Lung ultrasound (LUS) is an accurate tool to diagnose community-acquired pneumonia. However, it is not yet an established tool to diagnose ventilator-associated pneumonia (VAP).Purpose:
To assess the evidence about LUS in the diagnosis of VAP, we conducted a systematic review of the literature.Methods:
We searched PubMed, Embase, Scopus, Web of Science, and LILACS. Two researchers independently selected the studies that met the inclusion criteria. Quality Assessment of Diagnostic Accuracy Studies (QUADAS-2) tool was used to assess the quality of the studies. In a qualitative synthesis, 3 questions guided the review: Q1. What are the sonographic signs of VAP? Q2. How can LUS be combined with others tests or signs of VAP? Q3. What is the role of LUS in VAP screening?Main Results:
Three studies (n = 377 patients) with different designs were included. In terms of Q1, the 3 studies assessed the accuracy of sonographic consolidations. In patients suspected for VAP, lobar or hemilobar consolidation alone was not sufficient to diagnose VAP but seems useful to exclude it. The most useful signs were small subpleural consolidations (sensitivity: 81%; specificity: 41%) and dynamic air bronchograms (sensitivity: 44%; specificity: 81%). Two studies were assessed for Q2, when the 2 signs above were included in a clinical score (Ventilator-associated Pneumonia Lung Ultrasound Score associated with quantitative culture of endotracheal aspirate—VPLUS-EAquant), the accuracy was amplified (sensitivity: 48% and specificity: 97% for score ≥4; sensitivity: 78% and specificity: 77% for score ≥3 points).

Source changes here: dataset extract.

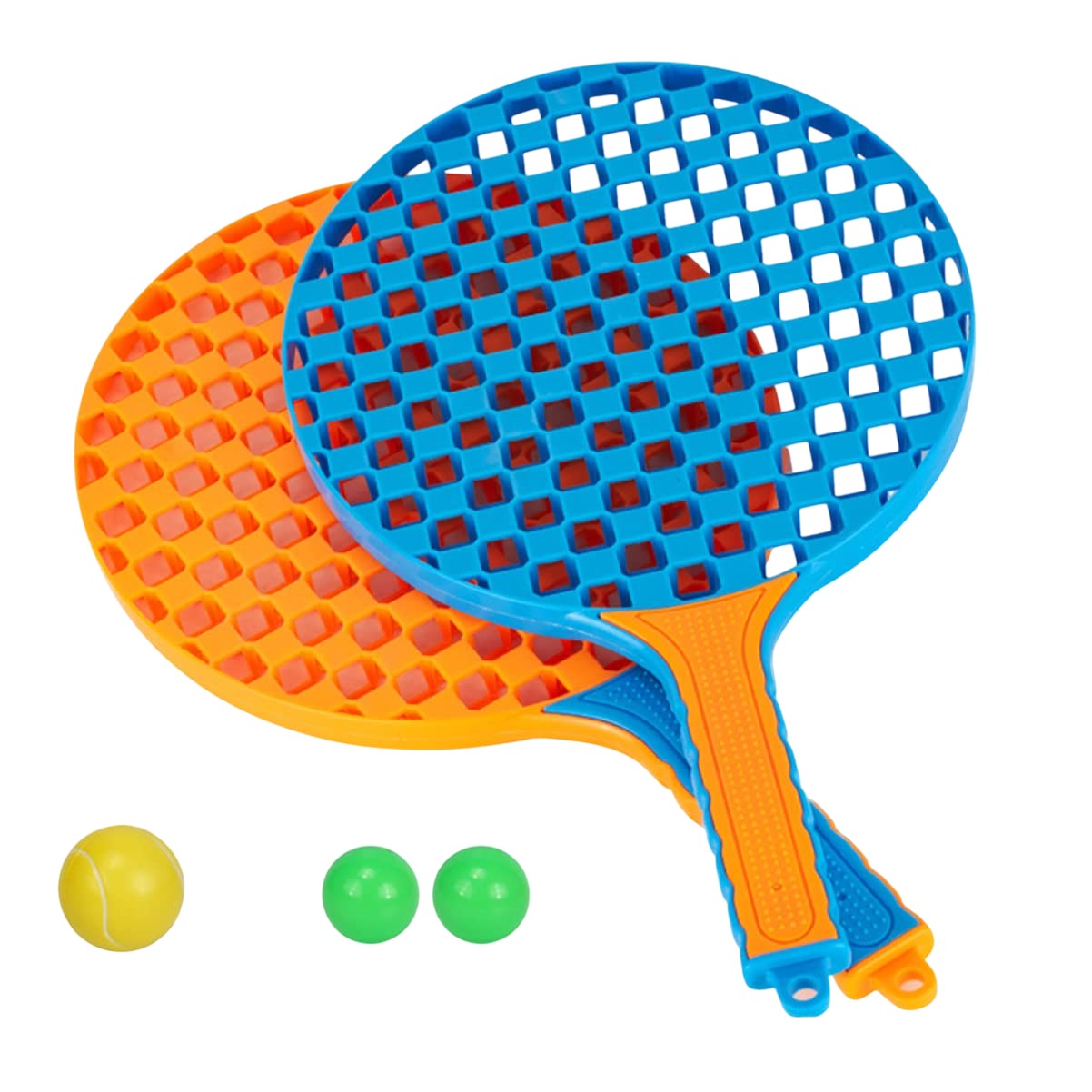 Set Badminton Pentru Copii, 2 Palete, 3 Mingi, Pentru Joaca Si Antrenament, Albastru Portocaliu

Finally, regarding Q3, no studies have assessed the use of LUS in screening of VAP.Conclusion:
Small subpleural consolidations and dynamic air bronchograms were the most useful sonographic signs to diagnose VAP in suspected patients. Clinical scores including LUS had better diagnosis accuracy than LUS alone. There are no data on LUS for VAP screening.